AIM OF THE TASK: Your answer must match the material exactly, line for line.

SUPPLIED INFORMATION:
-=-=-=-=-
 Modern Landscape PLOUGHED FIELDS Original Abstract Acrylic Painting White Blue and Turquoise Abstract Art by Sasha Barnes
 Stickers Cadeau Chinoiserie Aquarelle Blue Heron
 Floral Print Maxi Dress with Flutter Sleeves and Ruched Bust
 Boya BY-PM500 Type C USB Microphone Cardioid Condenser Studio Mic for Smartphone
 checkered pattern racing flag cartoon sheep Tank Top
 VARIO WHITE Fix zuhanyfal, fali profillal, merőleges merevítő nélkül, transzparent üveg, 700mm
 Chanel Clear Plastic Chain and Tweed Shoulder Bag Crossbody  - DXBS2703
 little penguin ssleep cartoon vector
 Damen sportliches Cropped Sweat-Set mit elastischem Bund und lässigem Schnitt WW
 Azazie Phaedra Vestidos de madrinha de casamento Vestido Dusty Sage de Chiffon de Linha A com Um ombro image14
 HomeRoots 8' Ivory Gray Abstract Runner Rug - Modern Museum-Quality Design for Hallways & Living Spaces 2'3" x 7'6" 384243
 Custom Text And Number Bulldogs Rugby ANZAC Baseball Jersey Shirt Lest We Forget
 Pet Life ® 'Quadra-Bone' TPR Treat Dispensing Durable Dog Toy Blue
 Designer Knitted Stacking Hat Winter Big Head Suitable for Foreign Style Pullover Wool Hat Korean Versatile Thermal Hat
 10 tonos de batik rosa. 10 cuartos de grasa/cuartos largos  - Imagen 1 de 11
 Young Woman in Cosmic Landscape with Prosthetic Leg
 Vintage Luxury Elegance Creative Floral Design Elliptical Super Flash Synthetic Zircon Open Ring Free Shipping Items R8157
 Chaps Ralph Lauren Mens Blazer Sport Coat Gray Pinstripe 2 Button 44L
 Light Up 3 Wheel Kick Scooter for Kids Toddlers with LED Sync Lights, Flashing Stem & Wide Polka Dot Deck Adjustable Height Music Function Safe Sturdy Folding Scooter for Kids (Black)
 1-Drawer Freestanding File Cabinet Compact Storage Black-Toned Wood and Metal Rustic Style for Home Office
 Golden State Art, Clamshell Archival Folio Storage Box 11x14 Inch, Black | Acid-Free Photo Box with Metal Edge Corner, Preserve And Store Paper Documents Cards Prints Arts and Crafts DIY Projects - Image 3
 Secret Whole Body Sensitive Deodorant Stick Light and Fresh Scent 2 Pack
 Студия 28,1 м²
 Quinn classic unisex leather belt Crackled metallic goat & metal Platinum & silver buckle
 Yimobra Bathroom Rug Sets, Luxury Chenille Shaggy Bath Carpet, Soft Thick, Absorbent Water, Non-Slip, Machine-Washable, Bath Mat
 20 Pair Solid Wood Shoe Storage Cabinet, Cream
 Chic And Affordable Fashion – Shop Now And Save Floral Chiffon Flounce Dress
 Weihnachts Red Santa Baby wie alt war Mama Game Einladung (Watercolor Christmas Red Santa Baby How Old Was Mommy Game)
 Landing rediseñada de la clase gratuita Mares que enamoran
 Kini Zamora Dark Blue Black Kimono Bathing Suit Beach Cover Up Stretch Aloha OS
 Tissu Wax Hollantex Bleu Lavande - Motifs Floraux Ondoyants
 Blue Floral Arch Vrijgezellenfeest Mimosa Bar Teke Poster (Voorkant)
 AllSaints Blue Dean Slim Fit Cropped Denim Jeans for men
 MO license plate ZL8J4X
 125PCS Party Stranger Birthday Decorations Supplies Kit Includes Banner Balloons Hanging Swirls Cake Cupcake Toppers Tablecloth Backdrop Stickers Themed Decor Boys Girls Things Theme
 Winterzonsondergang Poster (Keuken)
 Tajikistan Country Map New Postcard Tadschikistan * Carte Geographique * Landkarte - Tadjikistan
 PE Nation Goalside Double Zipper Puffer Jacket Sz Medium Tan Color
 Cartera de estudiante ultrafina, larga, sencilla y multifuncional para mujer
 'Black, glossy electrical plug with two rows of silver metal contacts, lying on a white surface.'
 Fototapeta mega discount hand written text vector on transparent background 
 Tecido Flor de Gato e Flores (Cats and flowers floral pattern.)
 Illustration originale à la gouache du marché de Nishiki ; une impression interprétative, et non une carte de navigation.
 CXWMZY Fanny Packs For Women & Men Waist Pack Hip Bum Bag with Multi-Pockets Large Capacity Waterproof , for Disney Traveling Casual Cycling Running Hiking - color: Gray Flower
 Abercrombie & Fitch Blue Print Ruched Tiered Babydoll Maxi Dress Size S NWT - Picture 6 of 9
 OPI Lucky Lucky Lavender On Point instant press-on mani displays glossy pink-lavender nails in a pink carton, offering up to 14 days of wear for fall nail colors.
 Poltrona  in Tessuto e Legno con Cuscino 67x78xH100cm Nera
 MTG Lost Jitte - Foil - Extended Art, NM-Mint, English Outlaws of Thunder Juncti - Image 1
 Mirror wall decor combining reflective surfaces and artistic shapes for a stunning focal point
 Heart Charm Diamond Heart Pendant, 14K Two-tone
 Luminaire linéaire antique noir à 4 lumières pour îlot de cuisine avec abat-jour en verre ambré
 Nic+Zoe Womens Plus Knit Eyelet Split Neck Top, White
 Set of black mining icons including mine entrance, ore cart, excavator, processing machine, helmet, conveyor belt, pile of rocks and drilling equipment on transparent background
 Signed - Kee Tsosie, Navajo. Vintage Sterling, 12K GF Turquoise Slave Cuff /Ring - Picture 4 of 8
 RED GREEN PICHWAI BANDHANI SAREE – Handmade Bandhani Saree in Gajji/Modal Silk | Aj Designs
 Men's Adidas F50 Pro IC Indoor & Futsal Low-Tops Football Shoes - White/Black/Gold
-=-=-=-=-
OUTPUT FOR THIS TASK:
 Modern Landscape PLOUGHED FIELDS Original Abstract Acrylic Painting White Blue and Turquoise Abstract Art by Sasha Barnes
 Stickers Cadeau Chinoiserie Aquarelle Blue Heron
 Floral Print Maxi Dress with Flutter Sleeves and Ruched Bust
 Boya BY-PM500 Type C USB Microphone Cardioid Condenser Studio Mic for Smartphone
 checkered pattern racing flag cartoon sheep Tank Top
 VARIO WHITE Fix zuhanyfal, fali profillal, merőleges merevítő nélkül, transzparent üveg, 700mm
 Chanel Clear Plastic Chain and Tweed Shoulder Bag Crossbody  - DXBS2703
 little penguin ssleep cartoon vector
 Damen sportliches Cropped Sweat-Set mit elastischem Bund und lässigem Schnitt WW
 Azazie Phaedra Vestidos de madrinha de casamento Vestido Dusty Sage de Chiffon de Linha A com Um ombro image14
 HomeRoots 8' Ivory Gray Abstract Runner Rug - Modern Museum-Quality Design for Hallways & Living Spaces 2'3" x 7'6" 384243
 Custom Text And Number Bulldogs Rugby ANZAC Baseball Jersey Shirt Lest We Forget
 Pet Life ® 'Quadra-Bone' TPR Treat Dispensing Durable Dog Toy Blue
 Designer Knitted Stacking Hat Winter Big Head Suitable for Foreign Style Pullover Wool Hat Korean Versatile Thermal Hat
 10 tonos de batik rosa. 10 cuartos de grasa/cuartos largos  - Imagen 1 de 11
 Young Woman in Cosmic Landscape with Prosthetic Leg
 Vintage Luxury Elegance Creative Floral Design Elliptical Super Flash Synthetic Zircon Open Ring Free Shipping Items R8157
 Chaps Ralph Lauren Mens Blazer Sport Coat Gray Pinstripe 2 Button 44L
 Light Up 3 Wheel Kick Scooter for Kids Toddlers with LED Sync Lights, Flashing Stem & Wide Polka Dot Deck Adjustable Height Music Function Safe Sturdy Folding Scooter for Kids (Black)
 1-Drawer Freestanding File Cabinet Compact Storage Black-Toned Wood and Metal Rustic Style for Home Office
 Golden State Art, Clamshell Archival Folio Storage Box 11x14 Inch, Black | Acid-Free Photo Box with Metal Edge Corner, Preserve And Store Paper Documents Cards Prints Arts and Crafts DIY Projects - Image 3
 Secret Whole Body Sensitive Deodorant Stick Light and Fresh Scent 2 Pack
 Студия 28,1 м²
 Quinn classic unisex leather belt Crackled metallic goat & metal Platinum & silver buckle
 Yimobra Bathroom Rug Sets, Luxury Chenille Shaggy Bath Carpet, Soft Thick, Absorbent Water, Non-Slip, Machine-Washable, Bath Mat
 20 Pair Solid Wood Shoe Storage Cabinet, Cream
 Chic And Affordable Fashion – Shop Now And Save Floral Chiffon Flounce Dress
 Weihnachts Red Santa Baby wie alt war Mama Game Einladung (Watercolor Christmas Red Santa Baby How Old Was Mommy Game)
 Landing rediseñada de la clase gratuita Mares que enamoran
 Kini Zamora Dark Blue Black Kimono Bathing Suit Beach Cover Up Stretch Aloha OS
 Tissu Wax Hollantex Bleu Lavande - Motifs Floraux Ondoyants
 Blue Floral Arch Vrijgezellenfeest Mimosa Bar Teke Poster (Voorkant)
 AllSaints Blue Dean Slim Fit Cropped Denim Jeans for men
 MO license plate ZL8J4X
 125PCS Party Stranger Birthday Decorations Supplies Kit Includes Banner Balloons Hanging Swirls Cake Cupcake Toppers Tablecloth Backdrop Stickers Themed Decor Boys Girls Things Theme
 Winterzonsondergang Poster (Keuken)
 Tajikistan Country Map New Postcard Tadschikistan * Carte Geographique * Landkarte - Tadjikistan
 PE Nation Goalside Double Zipper Puffer Jacket Sz Medium Tan Color
 Cartera de estudiante ultrafina, larga, sencilla y multifuncional para mujer
 'Black, glossy electrical plug with two rows of silver metal contacts, lying on a white surface.'
 Fototapeta mega discount hand written text vector on transparent background 
 Tecido Flor de Gato e Flores (Cats and flowers floral pattern.)
 Illustration originale à la gouache du marché de Nishiki ; une impression interprétative, et non une carte de navigation.
 CXWMZY Fanny Packs For Women & Men Waist Pack Hip Bum Bag with Multi-Pockets Large Capacity Waterproof , for Disney Traveling Casual Cycling Running Hiking - color: Gray Flower
 Abercrombie & Fitch Blue Print Ruched Tiered Babydoll Maxi Dress Size S NWT - Picture 6 of 9
 OPI Lucky Lucky Lavender On Point instant press-on mani displays glossy pink-lavender nails in a pink carton, offering up to 14 days of wear for fall nail colors.
 Poltrona  in Tessuto e Legno con Cuscino 67x78xH100cm Nera
 MTG Lost Jitte - Foil - Extended Art, NM-Mint, English Outlaws of Thunder Juncti - Image 1
 Mirror wall decor combining reflective surfaces and artistic shapes for a stunning focal point
 Heart Charm Diamond Heart Pendant, 14K Two-tone
 Luminaire linéaire antique noir à 4 lumières pour îlot de cuisine avec abat-jour en verre ambré
 Nic+Zoe Womens Plus Knit Eyelet Split Neck Top, White
 Set of black mining icons including mine entrance, ore cart, excavator, processing machine, helmet, conveyor belt, pile of rocks and drilling equipment on transparent background
 Signed - Kee Tsosie, Navajo. Vintage Sterling, 12K GF Turquoise Slave Cuff /Ring - Picture 4 of 8
 RED GREEN PICHWAI BANDHANI SAREE – Handmade Bandhani Saree in Gajji/Modal Silk | Aj Designs
 Men's Adidas F50 Pro IC Indoor & Futsal Low-Tops Football Shoes - White/Black/Gold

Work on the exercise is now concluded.